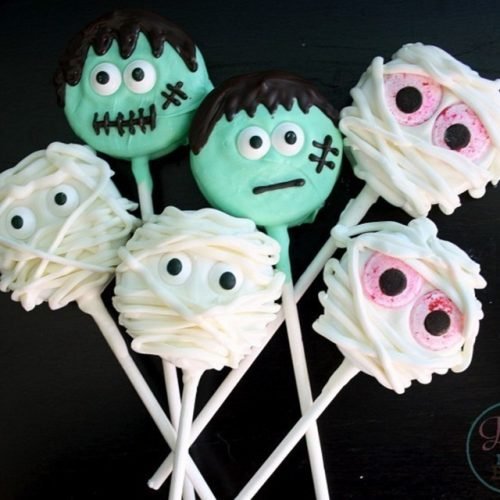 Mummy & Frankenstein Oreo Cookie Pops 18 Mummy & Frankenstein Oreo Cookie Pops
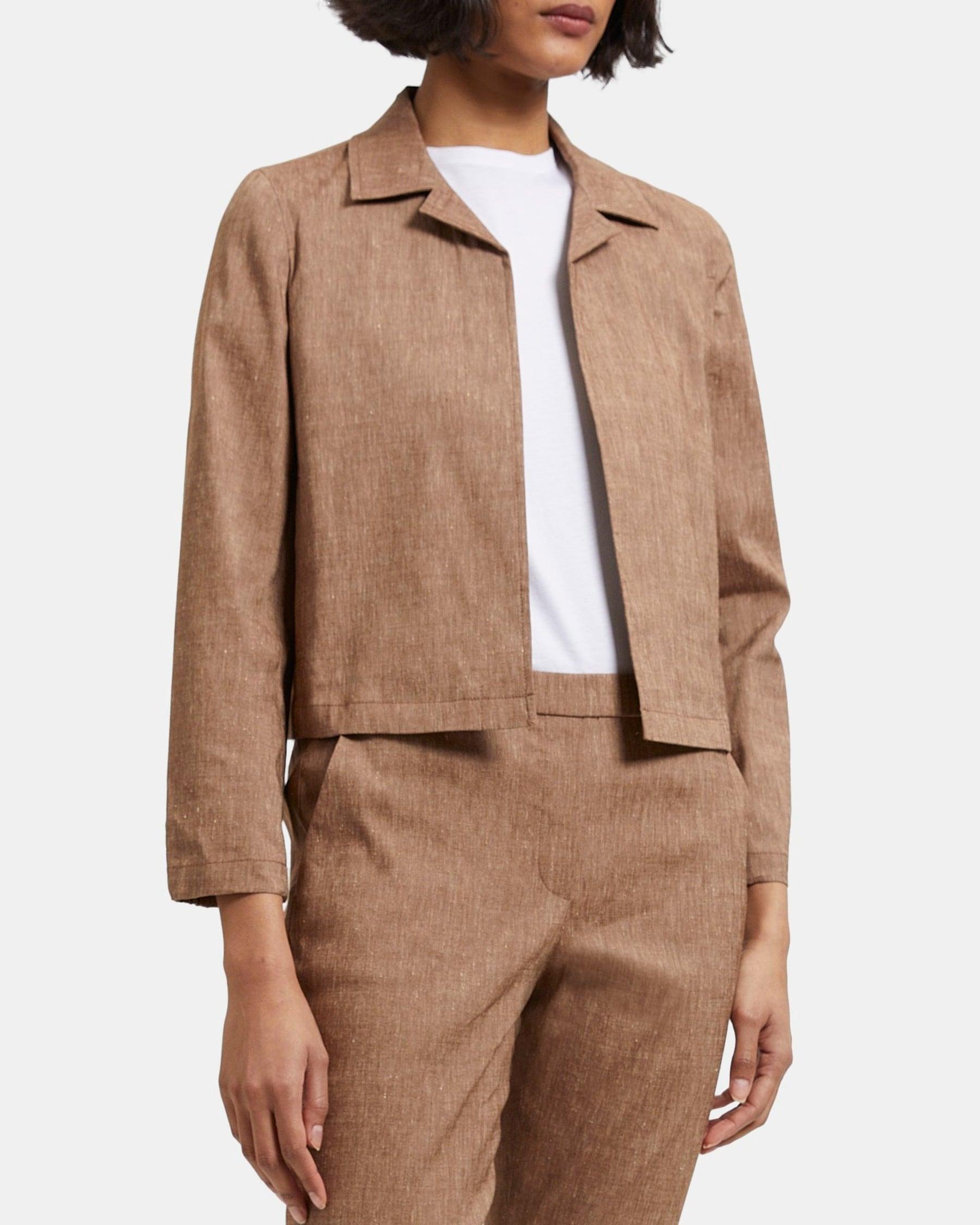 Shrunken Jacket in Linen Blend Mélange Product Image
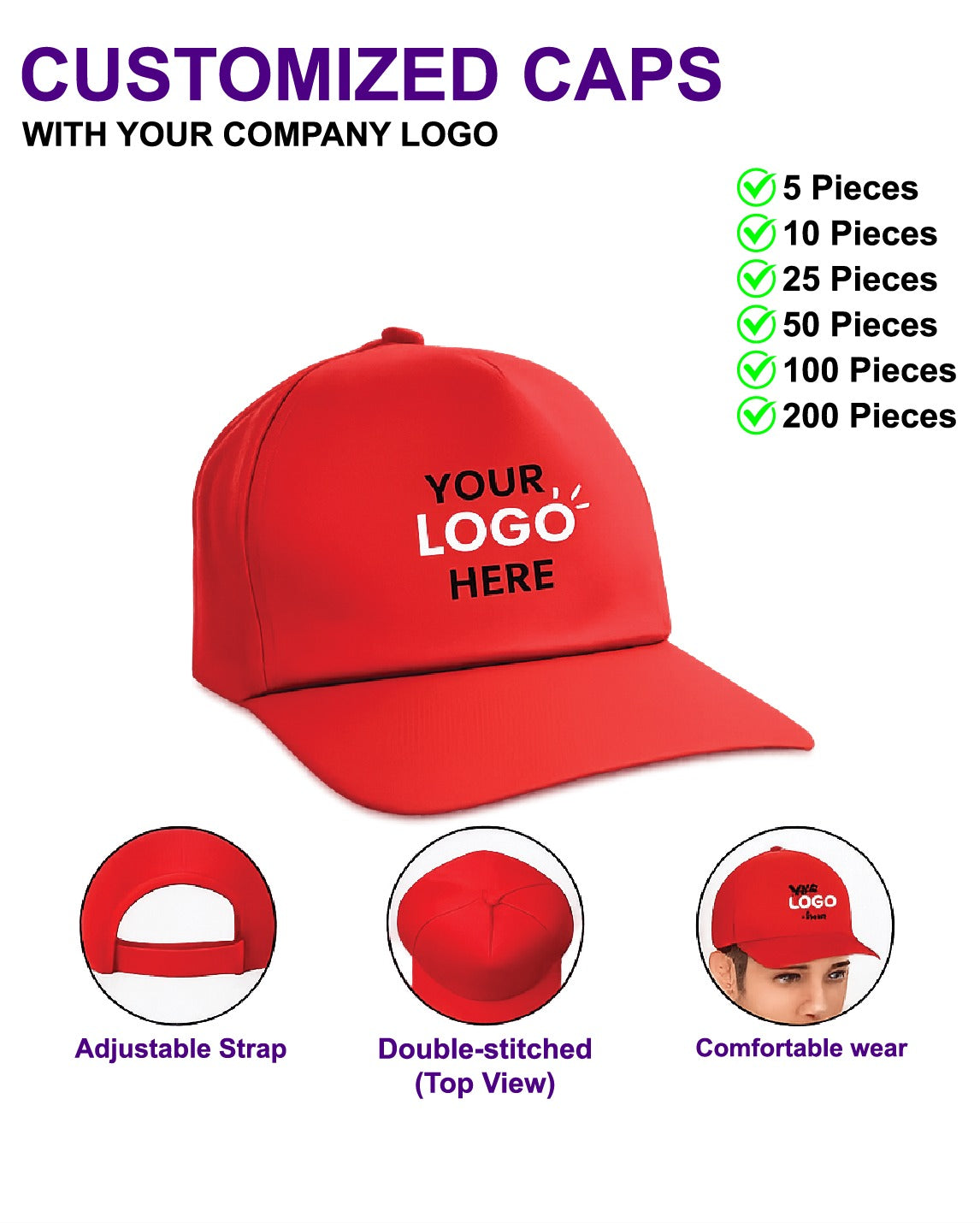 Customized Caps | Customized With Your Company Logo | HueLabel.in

· · · · · · ·

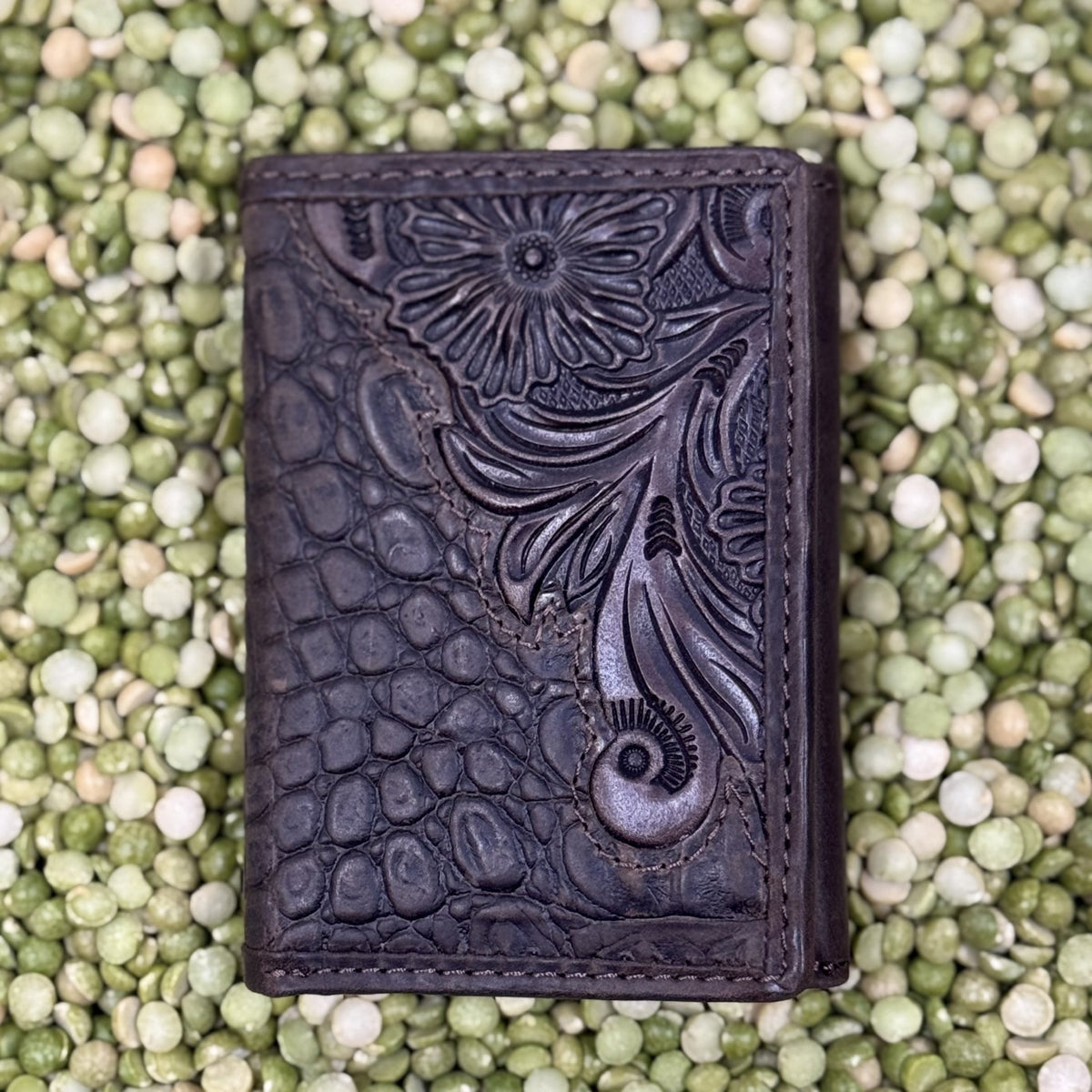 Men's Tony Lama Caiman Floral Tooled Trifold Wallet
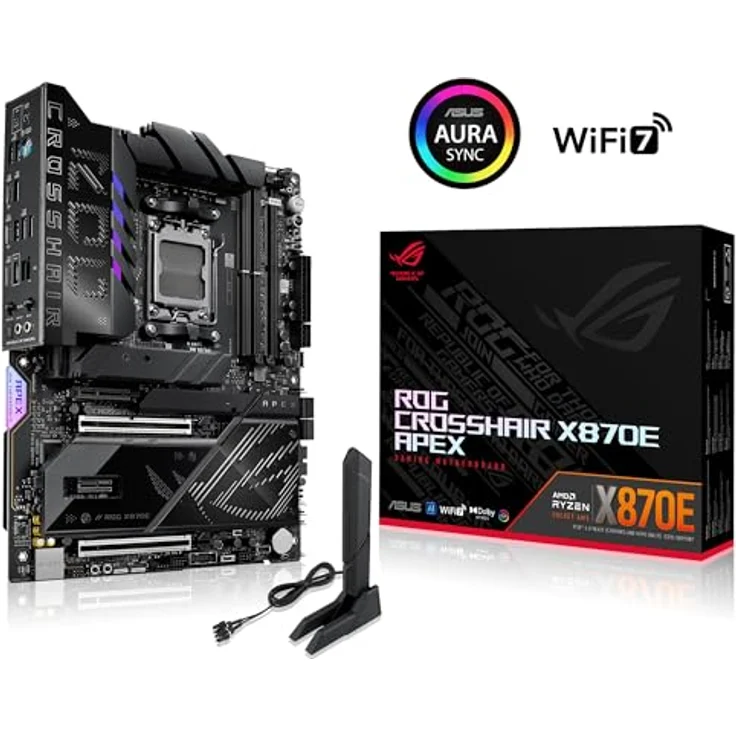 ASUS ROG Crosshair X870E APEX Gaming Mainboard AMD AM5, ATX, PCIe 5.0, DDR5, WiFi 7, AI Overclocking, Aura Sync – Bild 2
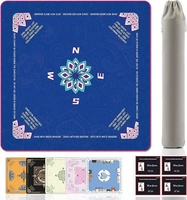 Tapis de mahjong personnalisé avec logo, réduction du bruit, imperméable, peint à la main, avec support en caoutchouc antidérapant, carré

· · · · · · ·

Exercise details —
Look above for the line with "ASUS ROG Crosshair", then give again exactly every line from there through the line with "Tapis de mahjong", skipping the pictures.

Completed task —
 ASUS ROG Crosshair X870E APEX Gaming Mainboard AMD AM5, ATX, PCIe 5.0, DDR5, WiFi 7, AI Overclocking, Aura Sync – Bild 2
 Tapis de mahjong personnalisé avec logo, réduction du bruit, imperméable, peint à la main, avec support en caoutchouc antidérapant, carré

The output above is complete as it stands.